Roku's mobile streaming service takes aim at Amazon Prime Video
- Roku, the maker of set-top streaming hardware, this month will update its mobile app to let viewers watch content from the Roku Channel, according to an announcement. The company also is expanding the channel, which premiered in 2017 as an ad-supported service, to offer premium subscriptions to more than 25 paid channels.
- Android and iOS device users for the first time will be able to use the Roku mobile app without a Roku device, giving them on-demand access to the Roku Channel anywhere in the United States. Roku users can start a video on a Roku player or Roku TV and pick up from where they left off while on the go, per the announcement.
- Showtime, Starz, Smithsonian Channel Plus and Tastemade are among the channels that will be available for paid subscriptions. The Roku Channel will continue to show free, ad-supported titles available without a subscription on a range of devices.
Roku's updates is set to expand the streaming platform's reach beyond viewers' living rooms to their mobile devices, while letting cord-cutters create a customized bundle of channels that include paid premium content. Also, by letting users access Roku with a set-top box, the company is looking not just at cord-cutters but at mobile-first (or mobile-only) video viewers. Smartphones were the dominant way to watch online video during Q2 2018 at 62%, up 9.8% from the second quarter last year, according to an Ooyala study.
Roku's service appears to resemble Amazon Prime Video Channels, which also lets subscribers pay for add-on video subscriptions with one-click purchases, CNet reported. The strategy appears similar to a service that Apple plans to offer. Apple's service would combine free original content with subscription channels inside its TV app that works on iPhones and iPads, per CNBC.
At the same time, Facebook also is looking to partner with HBO, Showtime and Starz to offer their programming to Facebook Watch users, Recode reported, while YouTube TV lets subscribers stream premium channels like Showtime, Starz and NBA League Pass for additional fees to its base price of $40 a month. While several platforms are looking to offer similar features as those of Amazon Prime Video, it's unclear how many of the service's subscribers have signed up for premium features, as Amazon doesn't disclose the details. About half of Starz's direct-to-consumer subscribers may come from Amazon, while Showtime and HBO get about one-third of viewers from the e-commerce giant, according to an estimate from BMO analyst Daniel Salmon cited by CNet.

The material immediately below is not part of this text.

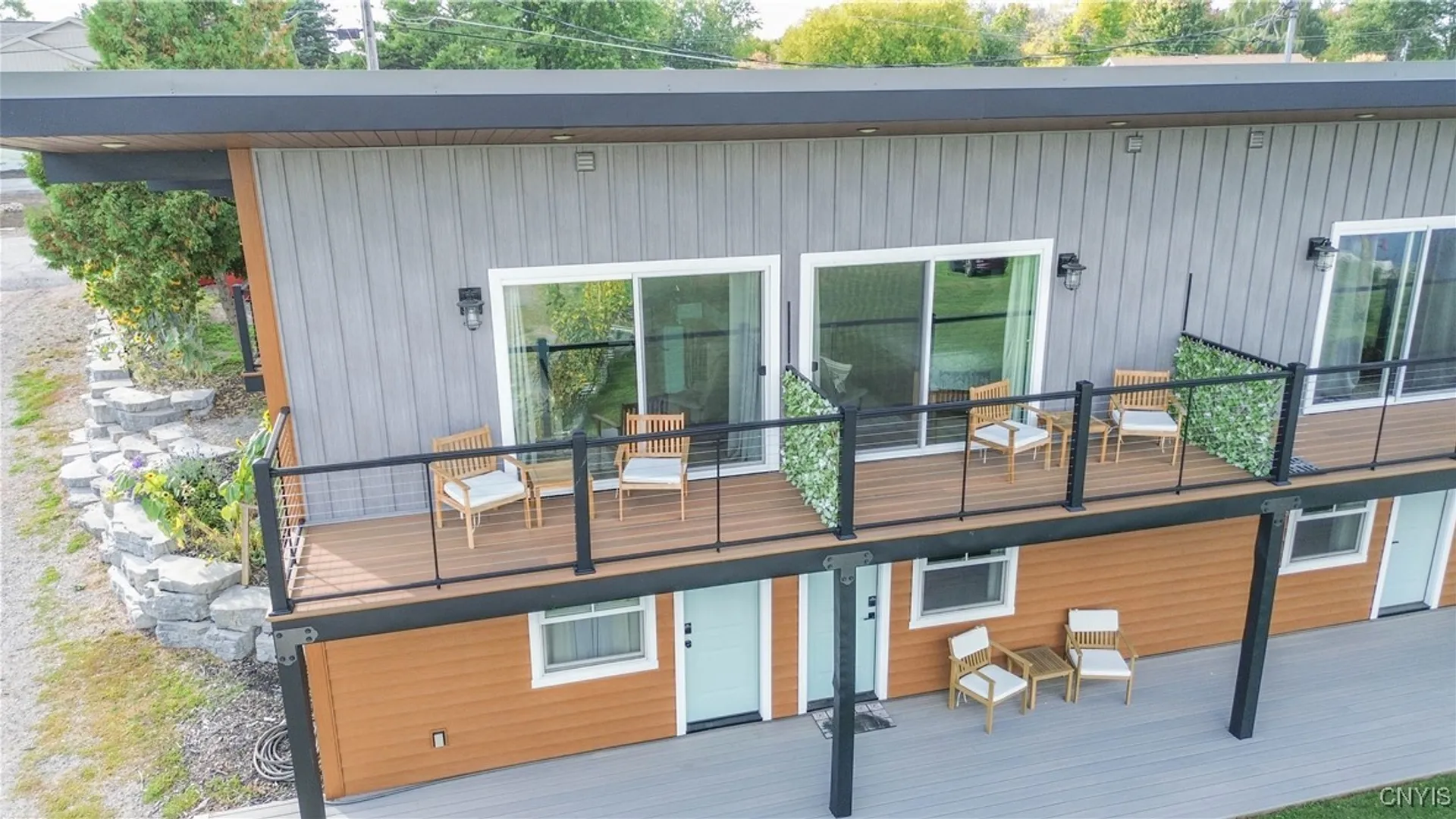 Property at 110 State Street, Clayton, NY 13624 30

Roku's updates may help the company resist growing competition from other streaming providers like Amazon, which currently offers more premium channels. HBO, Hulu and Netflix aren't available at the launch, meaning subscribers to those services will have to exit the Roku Channel to stream outside content. Subscribers who pay to watch premium services on the Roku Channel can't carry that subscription over to the channel's dedicated streaming app. That means a subscriber to Showtime, for example, will have to watch the channel within Roku's app, not Showtime's.